Optimized Cloud Security Using Time-Oriented Latency Approximation-Based Data Encryption with Levy-Flight Whale Optimization
摘要
By combining the Levy-Flight Whale Optimization Algorithm (Levy-WOA) with a time-oriented latency approximation-based data encryption scheme (TLADE), this study offers a novel method of improving cloud security. The main goal is to minimize the effects of delay while achieving safe data transmission in cloud environments. The suggested technique chooses the best encryption method for every data packet by dynamically estimating network transmission delays at predetermined timestamps. The system adjusts its encryption levels to balance security robustness and efficiency by evaluating real-time performance indicators including latency, throughput, and traffic. Levy-WOA uses Levy flying patterns in conjunction with a swarm intelligence mechanism inspired by whale foraging behavior to improve the global search capabilities and optimize the selection process. By effectively adjusting encryption parameters, our hybrid optimization ensures low latency without sacrificing security. Because the system is adaptive, it may react to shifting network conditions by choosing stronger encryption levels when security issues are identified and lighter encryption techniques during times of high traffic.

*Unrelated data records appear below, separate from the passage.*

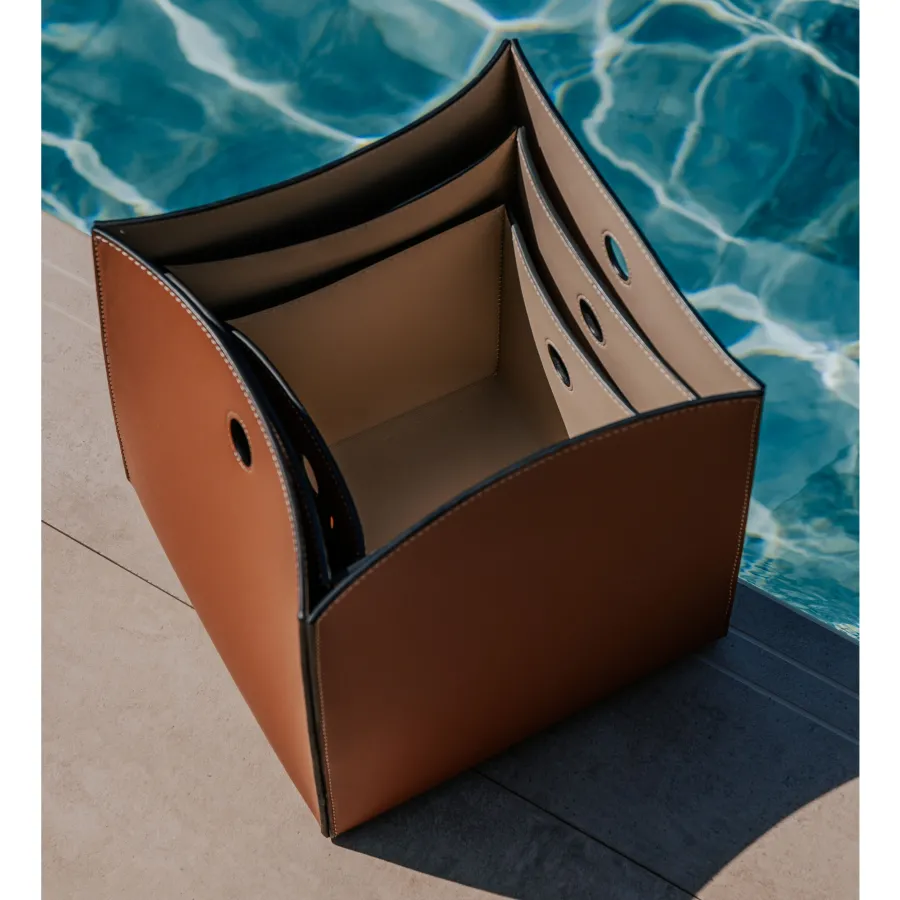 Visual SQUARE SMOOTH LEATHER BASKET
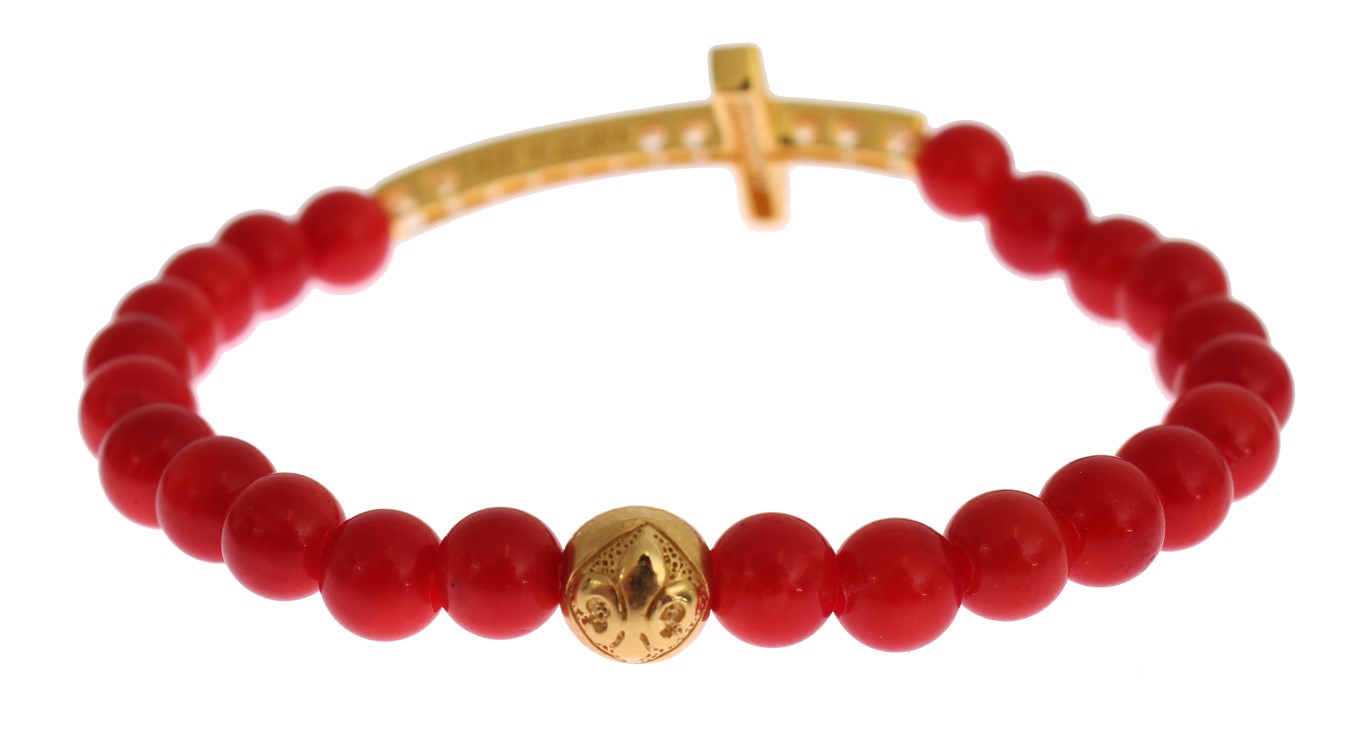 82742.jpg Elegant Gold and Red Coral Beaded Bracelet - Image 6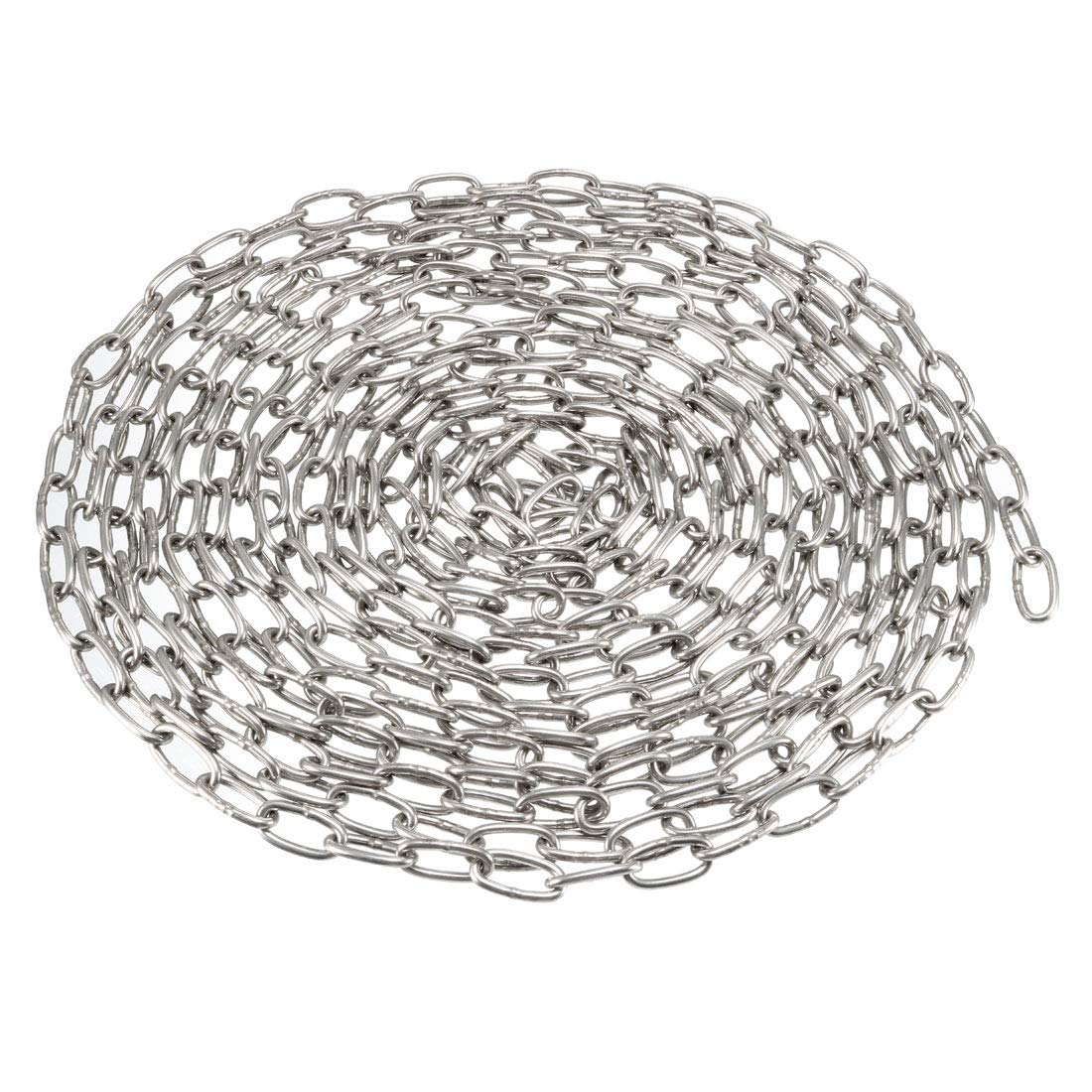 sourcing map Stainless Steel 304 Hardened Proof Coil Chain 5m Length 2mm Thickness Zinc Plated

In comparison to current methods, experimental evaluations show that the suggested TLADE method, led by Levy-WOA, dramatically lowers encryption and decryption latency while keeping a high security standard. With this hybrid approach, cloud systems’ overall Quality of Service is improved, guaranteeing safe, low-latency data transfer appropriate for real-time applications. The method provides a scalable, effective way to deal with the dual problems of low latency and data security in dynamic cloud environments.